TL;DR — Tri‑color marking lets a collector walk the object graph while the application mutates it, using write barriers to keep the invariant intact. Production systems combine this core algorithm with generational coupling, adaptive scheduling, and robust fallback paths to achieve sub‑10 ms pause times at billions of live objects.

Concurrent garbage collection is no longer a research curiosity; it is the default in the HotSpot JVM, the Go runtime, and even experimental Rust collectors. Yet the underlying ideas—tri‑color marking, mutator barriers, and a handful of production‑grade patterns—are often glossed over in blog posts that focus on pause‑time graphs. This article unpacks each piece, shows how they fit together in a real‑world pipeline, and provides concrete code snippets you can adapt to your own runtime.

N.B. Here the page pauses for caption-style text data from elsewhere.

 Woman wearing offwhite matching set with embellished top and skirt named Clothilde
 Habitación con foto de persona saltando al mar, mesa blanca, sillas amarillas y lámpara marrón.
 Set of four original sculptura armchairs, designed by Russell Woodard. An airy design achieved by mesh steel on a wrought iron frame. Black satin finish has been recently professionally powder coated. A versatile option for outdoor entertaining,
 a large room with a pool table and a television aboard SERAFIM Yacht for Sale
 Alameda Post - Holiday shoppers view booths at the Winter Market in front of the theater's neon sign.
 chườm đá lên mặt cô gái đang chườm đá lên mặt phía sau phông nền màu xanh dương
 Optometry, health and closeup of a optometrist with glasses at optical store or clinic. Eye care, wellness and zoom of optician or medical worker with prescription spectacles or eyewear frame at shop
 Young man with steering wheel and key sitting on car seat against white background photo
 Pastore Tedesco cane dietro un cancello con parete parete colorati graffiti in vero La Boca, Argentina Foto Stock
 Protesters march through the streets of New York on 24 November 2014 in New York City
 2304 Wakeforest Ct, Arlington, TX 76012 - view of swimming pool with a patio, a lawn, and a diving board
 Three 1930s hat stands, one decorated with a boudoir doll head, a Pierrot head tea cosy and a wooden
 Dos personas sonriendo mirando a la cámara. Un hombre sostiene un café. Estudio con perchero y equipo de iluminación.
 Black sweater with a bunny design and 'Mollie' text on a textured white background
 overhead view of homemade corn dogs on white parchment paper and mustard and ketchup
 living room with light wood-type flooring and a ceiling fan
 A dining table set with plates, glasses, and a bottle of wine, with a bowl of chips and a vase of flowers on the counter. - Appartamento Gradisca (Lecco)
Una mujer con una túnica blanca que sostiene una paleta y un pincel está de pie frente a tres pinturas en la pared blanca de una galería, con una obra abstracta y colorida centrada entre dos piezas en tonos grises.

Tri‑Color Marking Architecture

The tri‑color abstraction was introduced by Dijkstra in the 1970s and later refined for incremental and concurrent collectors. It divides the heap into three disjoint sets:

ColorMeaningCollector Action
WhiteUnvisited, potentially garbageObjects left white at the end of a collection are reclaimed.
GrayVisited but whose children have not been scannedThe collector must scan all outgoing references.
BlackVisited and all children have been scannedSafe; the object will not be reclaimed.

The invariant that must hold at any moment is no black object points to a white object. Violating this invariant would allow a live object to become unreachable in the collector’s view, leading to premature reclamation.

The Three Colors Explained

  1. Root Set Initialization – At the start of a cycle, all roots (stack frames, registers, global handles) are colored gray. The rest of the heap is white.
  2. Scanning Loop – The collector repeatedly picks a gray object, scans its fields, and colors it black. Any white object discovered becomes gray.
  3. Termination – When the gray set empties, the invariant guarantees that all reachable objects are black; the remaining white objects are dead.

In a concurrent setting, the mutator (application thread) runs in parallel with the scanning loop, potentially breaking the invariant. That’s where write barriers come in.

Incremental Scanning Loop

Below is a minimal Python sketch that mirrors the core loop. It is deliberately language‑agnostic; production runtimes replace the Python data structures with lock‑free work queues and pointer tagging.

# tri_color_gc.py
from collections import deque

def concurrent_mark(root_set, heap):
    # Colors are stored in a side‑table: 0=white, 1=gray, 2=black
    color = {obj: 0 for obj in heap}
    worklist = deque()

    # 1. Initialize roots
    for r in root_set:
        color[r] = 1          # gray
        worklist.append(r)

    # 2. Scanning loop (runs on a dedicated GC thread)
    while worklist:
        obj = worklist.popleft()
        for ref in obj.references():
            if color[ref] == 0:   # white
                color[ref] = 1    # gray
                worklist.append(ref)
        color[obj] = 2          # black

The loop runs continuously while the mutator threads execute their normal code. The only missing piece is how the mutator informs the collector about new edges.

Handling the Root Set

Root discovery varies by platform:

  • JVM – Uses thread‑local stacks, JNI global handles, and java.lang.ref queues. The HotSpot VM pauses briefly to copy the stack into a safe buffer before handing it to the collector.
  • Go – The runtime walks each goroutine’s stack, which is split into a linked list of stack segments. The collector reads the segment headers without stopping the goroutine, thanks to a “stack copy‑on‑write” technique.
  • Rust (Miri/GC crate) – Since Rust’s ownership model eliminates most GC roots, explicit GcRoot handles are registered at compile time.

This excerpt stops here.